実践・考察

「こどもたちが、自ら見つけ、考え、遊ぶ、余白のある環境」 をテーマに、
こどもたちを取り巻くヒト・モノ・コトの環境について研究、考察します。

デジタルネイティブとネイティブジャパニーズ

生まれながらにして、身近にパソコンやインターネットがある世代をデジタルネイティブというそうだ。
スマホの登場によって、その環境はより色濃くなっているといえるだろう。


たしかにデジタル技術の世界に小さい頃から触れていることで、
それを土台に驚くようなアイデアや新たな世界が生まれるということもあるのかもしれない。

 

しかし、もし子どもが、これから生きていく上であらゆる土台を作ろうという時期に、
インプットもアウトプットもデジタルばかりだったなら、
人間はいつ自分の身体を使うのだろうか。

 

一日を24時間と捉えたとき、その中で何時間、画面を見て、何時間、身体を使うのか。
気になるところである。

 

少し話は飛ぶけれど、
日本で伝承されてきた子育ての知恵の一つに、数え年に「つ」がつくの年齢までは、薄味で。

 

というのがあるのだそうだ。
僕は、講座に参加してくれた70代の女性に聞いたのだが、その方もさらに昔、
自分自身のばあちゃんに教わったらしい。

 

数え年に「つ」がつく、つまり、
一つ、二つ、三つ、、、八つ、九つ、とう
9歳まで、食べ物は薄味が良いという教えだ。

 

理由は、味覚の土台を作る時期だから。

 

僕は、発達や食育の研究者なわけでないが、
この言い伝えられた教えというのは、普通に考えてみても、ものすごく理にかなっていると思う。

 

何事も、最初に出会うもの、慣れているものが基準になるのだから。
濃い味を食べ慣れれば、基準は濃い味がその人のゼロとなるわけで。
それより薄味を感じなくなるのは当然だろう。

 

和食のだしは日本の文化とも言われるが、濃い味が中心になりつつある今、
味覚の基準はどこに向うだろうか。

 

と、そんなことを考えるのとつながって、戻ってきたい論点は、
この「つ」の話はデジタルとの付き合い方にも当てハマるのではないかということである。

 

デジタル映像は刺激的だ。
わかりやすく、鮮明で、明るい。
いうなら濃い味だ。
でも濃い味が基準になったとき、人は何を作り出せるのだろうか。

 

その基準が影響しているかどうかはわからないが、
ある園で子どもたちと空き箱で工作をしていて、びっくりするような違和感に出会ったことがある。

 

ティッシュの箱を使ってロボットを作った子がいたのだが、
その子のロボットの名前はティッシュロボ。

 

想像力を使えば、どんなロボットにもなるし、ロボット以外にも、

どんな乗り物、どんな建物、どんな生き物にもなるように思うのだが。
その子は、想像力を使えわないからなのか、使ったことがないからなのか、

見た目のティッシュ箱、そのままの作品なのだった。

 

想像力において、日本の伝統芸能は、例えば和歌や俳句、歌舞伎に能に人形浄瑠璃、僕が好きな落語にしても、

どれも薄味の文化と言えるように思う。
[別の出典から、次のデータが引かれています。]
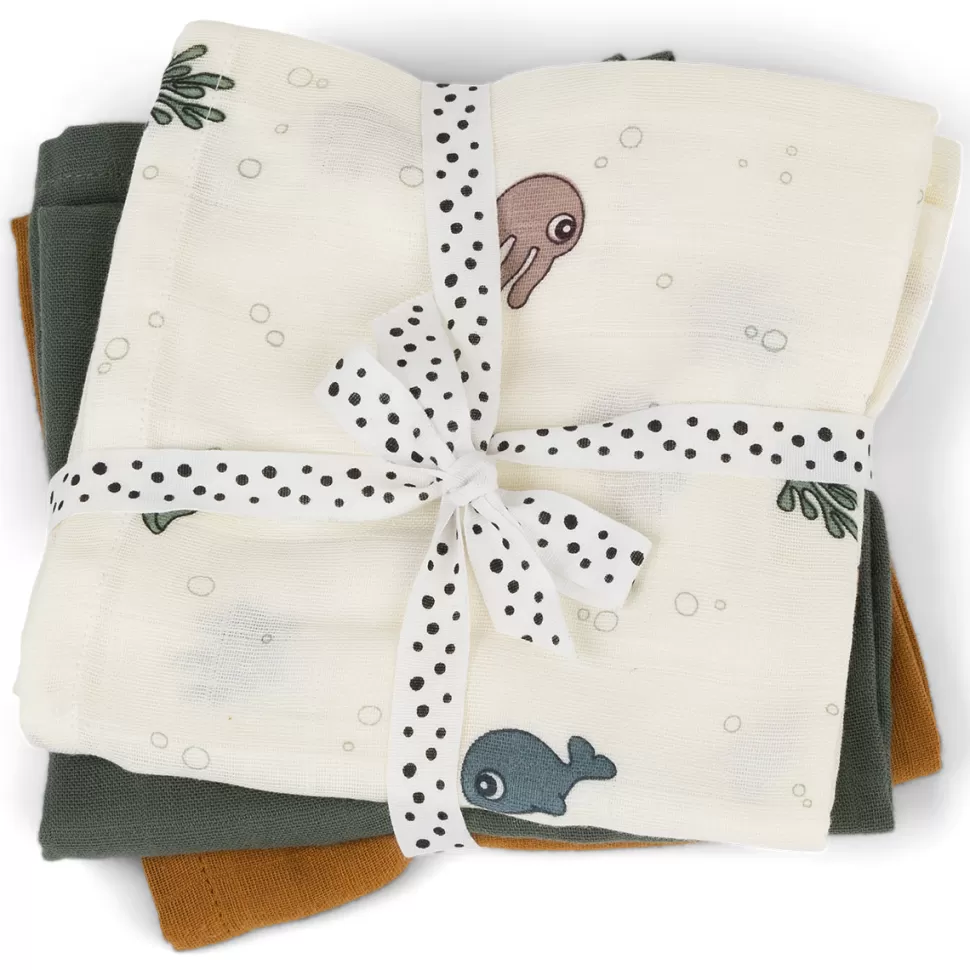 Done by Deer Textile>Lot de 3 Langes - Sea Friends Beige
そして、余白が多い分、個人の想像力が重要となる。

 

でも今のデジタル映像には、見る側の想像の余白はあまりない。
余白なく、受け身の子どもたちの作品の一つの形がティッシュロボなのだとしたら、

それは少し心配になる。(子どもがではなく環境が)

 

総じて思う。
ばあちゃんの子育ての知恵にしても、
和食のだし文化にしても、
伝統芸能にしても、
この日本には「薄味」を感じる価値観が昔からあった。

 

今はどうなのだろう。

 

パソコン、スマホ、タブレット、携帯ゲームにVR、AR、etc

デジタルネイティブも魅力的かもしれないが、
僕としては、ネイティブアメリカンもとい、
ネイティブジャパニーズの教えや文化に魅力を感じられる自身の想像力、感度をもっていたいと思うし、

そういう余白の多い環境が、子どもたちの周りにいっそう充実すればと思う。